We can now destroy the original encryption key. It's important to understand, though, that the encrypted data can now be retrieved only if we have Alice's or Bob's private key. If both of those keys are lost, so is the entire database.

What if we need to add a third user, Charlie? Alice or Bob will need to decrypt their copy of the master key and re-encrypt it using Charlie's public key.

>>> keypair = RSA.generate(2048)
>>> charlie_privkey = keypair.exportKey()
>>> charlie_pubkey = keypair.publickey().exportKey()
>>> 
>>> privkey = RSA.importKey(alice_privkey)
>>> encryption_key = privkey.decrypt(alice_masterkey)
>>> pubkey = RSA.importKey(charlie_pubkey)
>>> charlie_masterkey = pubkey.encrypt(encryption_key, None)

Now, Charlie has his own copy of the encryption key, which he can decrypt using his own private key.

>>> privkey = RSA.importKey(charlie_privkey)
>>> privkey.decrypt(charlie_masterkey)
'\xbbx\x97\xc8\n.a0\xd4\xba\x07\xec\xc8\x83wK\xc9N8\xef\xe2\x1dVr\xc5\xfe\xf0\x05R+;\xd2'

So long as users don't share or lose their private keys, the database will remain secure.

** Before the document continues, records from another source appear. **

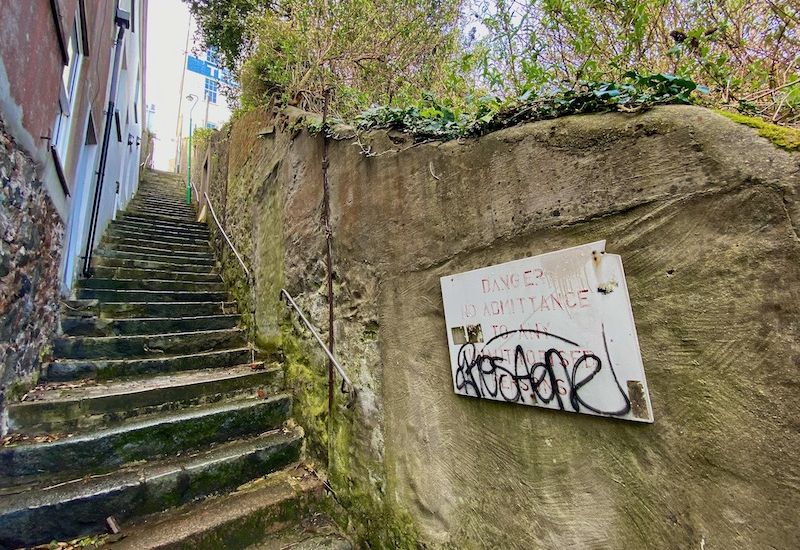 Town steps closed due to “falling objects”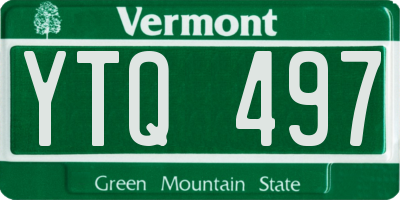 VT license plate YTQ497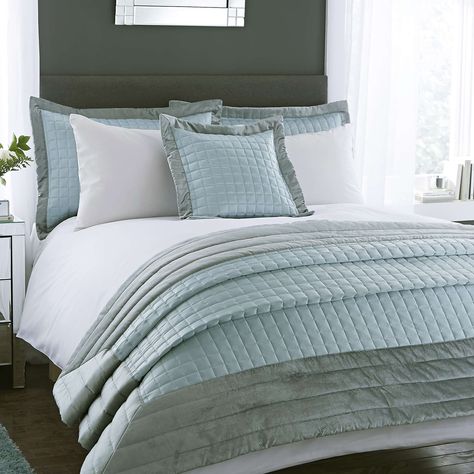 Kensington Duck Egg Bedspread £90.00. Dunelm Duck Egg Bedroom, Duck Egg Bedding, Duck Egg Blue Bedroom, Bedroom Ideas Blue, Mens Bedding Sets, Blue Bedspread, Black Bed Linen, Country Bedding, Grey Linen Bedding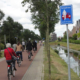 Cyclists on bike path.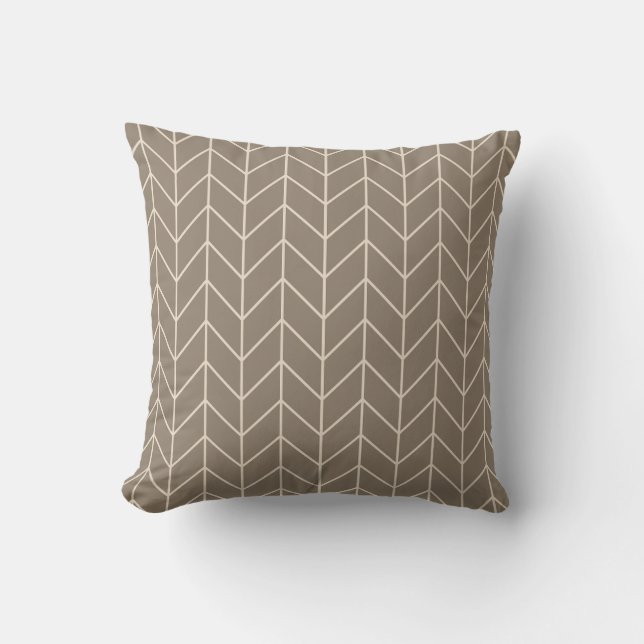 Taupe Herringbone Throw Pillow Kissen (Vorderseite)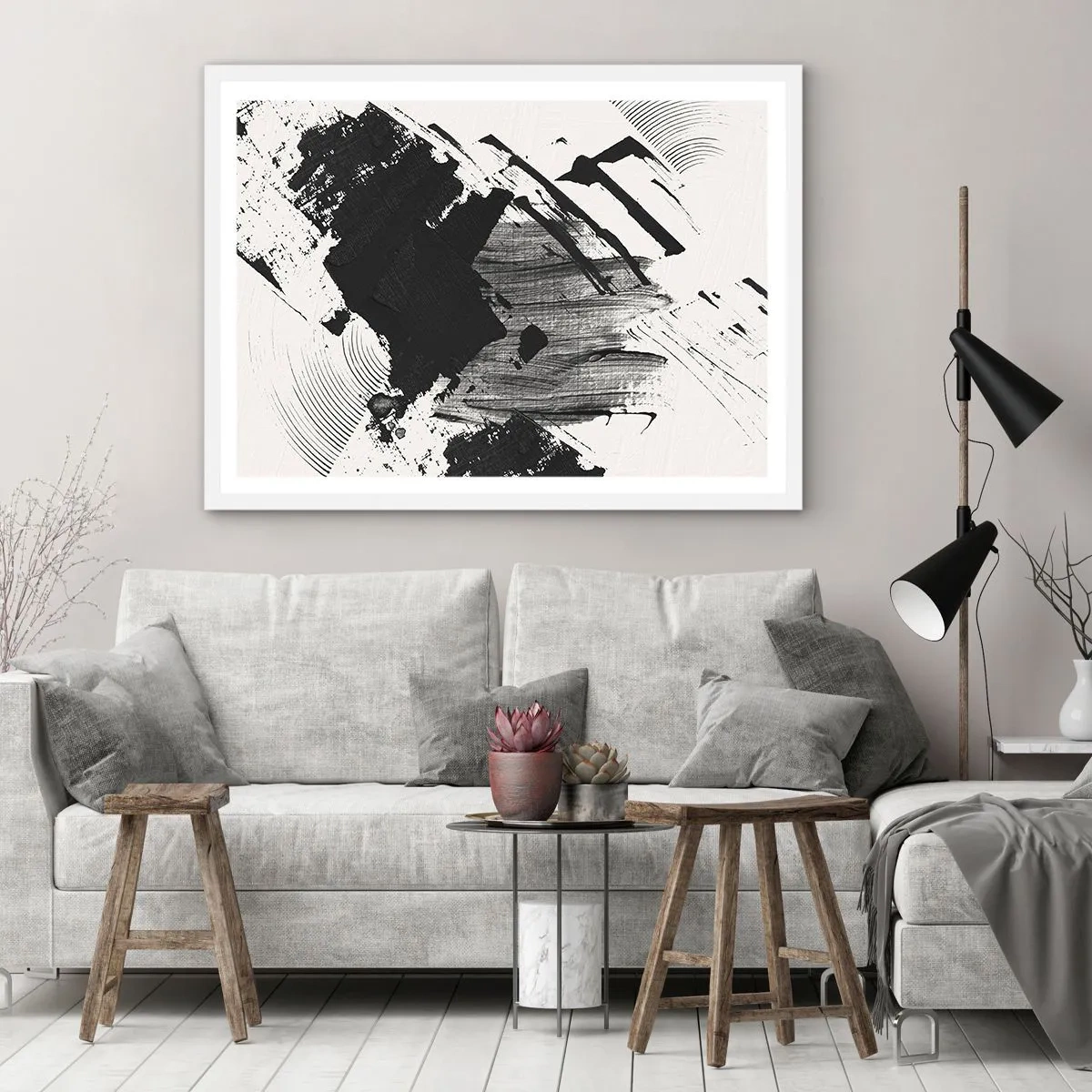 Poster in een witte lijst - Abstractie – expressie van zwart - 50x40 cm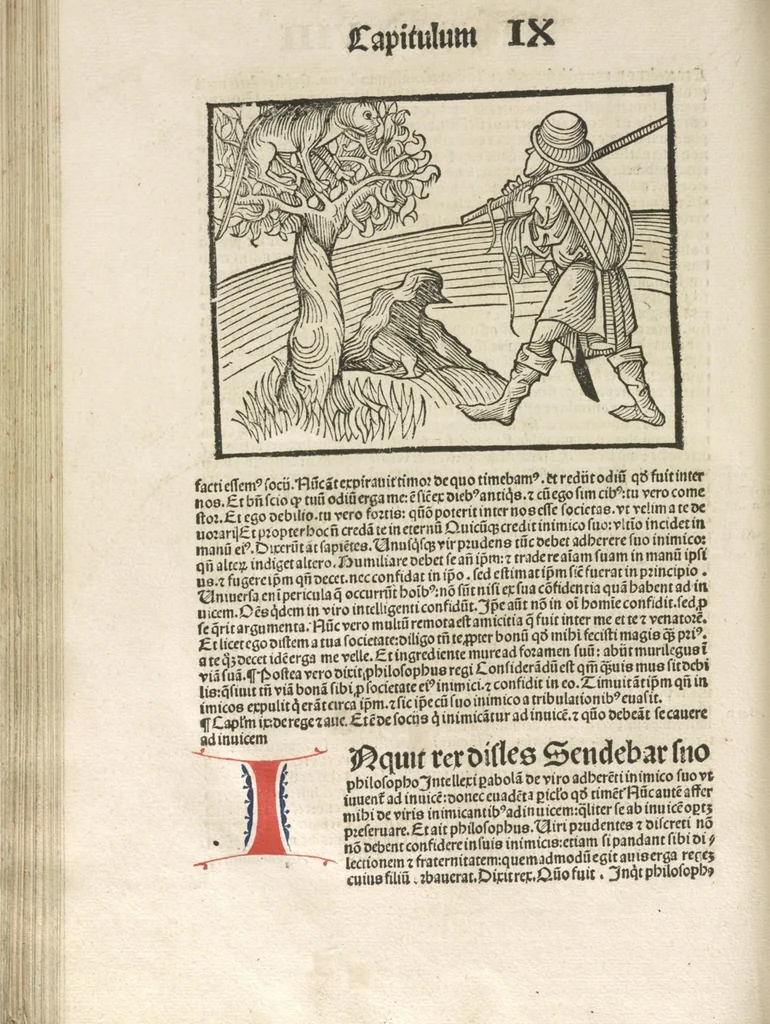 An illustration from Directorium humanae vite, alias Parabole antiquoru[m] sapientu[m], 1488, leaf 127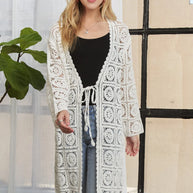 ADORA Long Sleeves Crochet Elastic Cardigan-Cardigans-Trendsi-IVORY-S-[option4]-[option5]-[option6]-[option7]-[option8]-Shop-Boutique-Clothing-for-Women-Online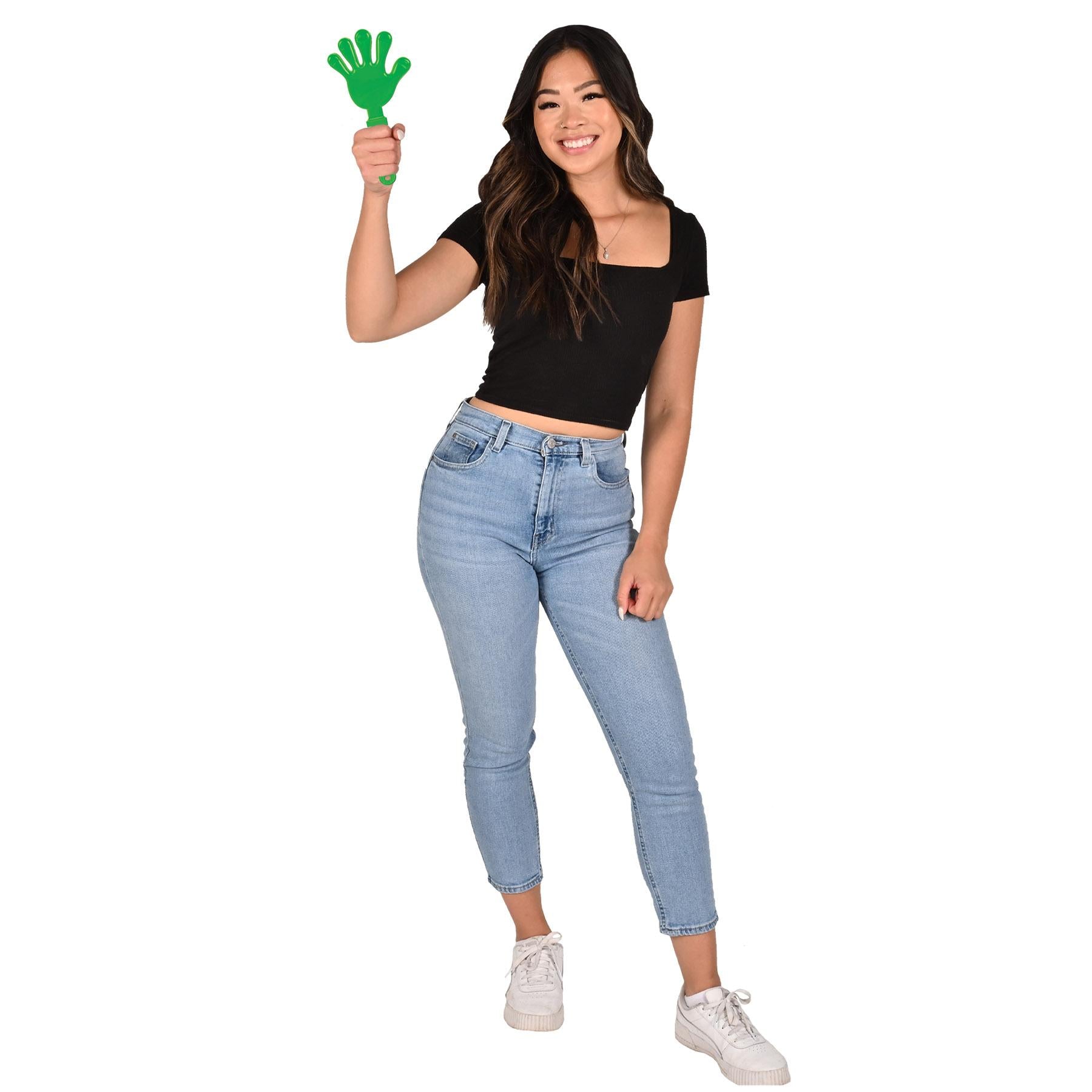 12 Pack Beistle Giant Hand Party Clappers - Green Noise Makers for Sports Events, Cheerleading, Birthday Parties & Celebrations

And if we need to revoke a user's access to the database, we can simply delete his or her copy of the encryption key.

The code snippets above are obviously for illustration only. In a real system, users would never interact with encrypted data directly, and no user would ever have access to the encryption key.

As for real-world implementation, there are two ways to approach such a system. One option would be to have users download encrypted data and the encrypted master key, and perform all decryption locally. This ensures each user's private key need never leave their local machine. However, it also grants each user access to the decrypted master key. This means that a revoked user can still decrypt data unless the entire database has been re-encrypted with a new key.

A better approach might be to have the user send his private key to the server, perform all decryption remotely, and respond with the plaintext data. This would seem to break asymmetric cryptography rule number one (never share your private key), but in this specific instance we're using RSA to protect data at rest, rather than data in transit. We also use another layer of encryption, in the form of SSL/TLS, to protect our communication between the client and server, just as we would do for any web application. And it means we never have to expose the master key.

Hopefully these little exercises have shed some light on the common types of cryptography and why we use them. Cryptography can be pretty fun when you get to know it.